魔物をサーチ。気配の大きな魔物は何体もいるが、この付近は、森の中ばかりだ。


「森の中の魔物は厄介だから、草原に向かうね。Bランク程度の魔物は、そこそこいるよ。できるだけ多く会敵するように進路を取目から宜しく。アンディーと大樹に送信。」


「ヒューブさん森を背にして11時の方向に向きを変えて下さい。」


それから、僕たちの狩りが始まった。


……。そろそろ、100体を超える。Bランクの魔物が40体程。Aランク相当が30体ほど。これは、コカトリスとキングベア、グレートウルフなんかだ。ブラッディブルもいた。どけも、群れで来られると危ない魔物ばかりだった。でも、スピードは僕たちの方が何倍も早い。危ない時は、そもそも近づかないから肝を冷やすようになことは無かった。グレートウルフのドロップ品にマジックバッグがあった。戻ってきてくれたようで嬉しかった。


3時間ほど狩りをして、ミラ姉達と連絡を取り、入り口に集合することにした。次の階層に行くかどうかを話し合うためだ。ミラ姉達もマジックバッグと上級回復ポーションを手に入れたそうだ。
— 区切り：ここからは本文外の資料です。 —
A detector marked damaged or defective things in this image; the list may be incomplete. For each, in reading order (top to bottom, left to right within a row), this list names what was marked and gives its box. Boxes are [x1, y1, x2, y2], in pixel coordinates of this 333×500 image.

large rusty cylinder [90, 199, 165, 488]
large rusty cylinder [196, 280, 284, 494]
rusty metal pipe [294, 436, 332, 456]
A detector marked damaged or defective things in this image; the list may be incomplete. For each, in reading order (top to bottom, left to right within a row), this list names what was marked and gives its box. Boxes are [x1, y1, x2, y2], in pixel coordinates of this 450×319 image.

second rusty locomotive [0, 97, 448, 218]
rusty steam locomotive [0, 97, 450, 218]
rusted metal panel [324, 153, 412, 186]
マジックバイパーを狩らないと上級毒消しポーションは、手に入らないようだ。そうなると森の中に入らないと難しいかもしれない。


全員集合して、狩りの成果を報告しあった。ミラ姉達は、Aランク相当の魔物を105体。Bランク相当の魔物を62体狩ったそうだ。ドロップ品は、肉が多かった。キングボアを10回狩って、上級回復ポーションが1回だけドロップしたそうだ。僕たちもその位だから、ドロップ率は1割行かないくらいかもしれない。


マジックバッグは、Aランク105体狩って1回だけだったと言っている。僕たちは、グレートウルフのドロップ品だったけど、ミラ姉達は、キングベアを狩った時のドロップ品だったそうだ。ボアの皮で作ったから、そのボアを食ったことのある魔物からドロップしたのか?ドロップ率は数パーセントだ。
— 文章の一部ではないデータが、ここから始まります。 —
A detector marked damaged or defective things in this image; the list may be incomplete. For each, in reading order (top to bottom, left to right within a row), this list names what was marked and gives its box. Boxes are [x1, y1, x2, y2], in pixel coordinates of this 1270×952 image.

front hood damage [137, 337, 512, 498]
それでも、かなり高い確率でドロップすると言って良い。この報告をしたら、多くの冒険者がこの階層を目指すかもしれない。


「次の階層に行くか?」


「次の階層は、10階層だな。11階層に行く階層ボスの部屋か、この階層の階層ボスの部屋がエリアボスの部屋になっている可能性があるな。まあ、初回限定サービスのボスよりも弱い思って良いだろうけどな。」


ボフさんが教えてくれた。流石ベテランBランクパーティーのリーダーだ。


「せっかくだから、エリアボスを倒して帰りましょうか。そこにうまい具合に転送出口なんかあったら嬉しいけどね。まあ、そんなに都合良くいかないでしょうね。」


「じゃあ、次の階層入り口をサーチするよ。」


「サーチ。」


「2か所か…。森の方と草原の方2か所に反応がある。近いのは森の方。遠い草原でも、80kmしか離れていない。オットーで行けば1時間もかからないよ。僕は、森より草原の方が良いと思う。」


「私もそう思うわ。草原だったらオットーのスピードについてこれる魔物はいないから。」


「では、草原の階層入り口に向かおう。」


デッキにアンディー、ロジャー、ボフ、シェリー、アンジー、ルーで他は、中。デッキのメンバーは、物理系を中心に派手にぶっ放す連中だ。


「じゃあ、出発しましょう。」


途中で出会った魔物は無視して、階層入り口に向かった。30分で階層入り口に到着。入り口を守っているのはグレートウルフとキングベアだ。


デッキのメンバーの高火力物理攻撃で一瞬で魔石とマジックバッグをドロップして消えた。今回の探索3個目のマジックバッグ回収だ。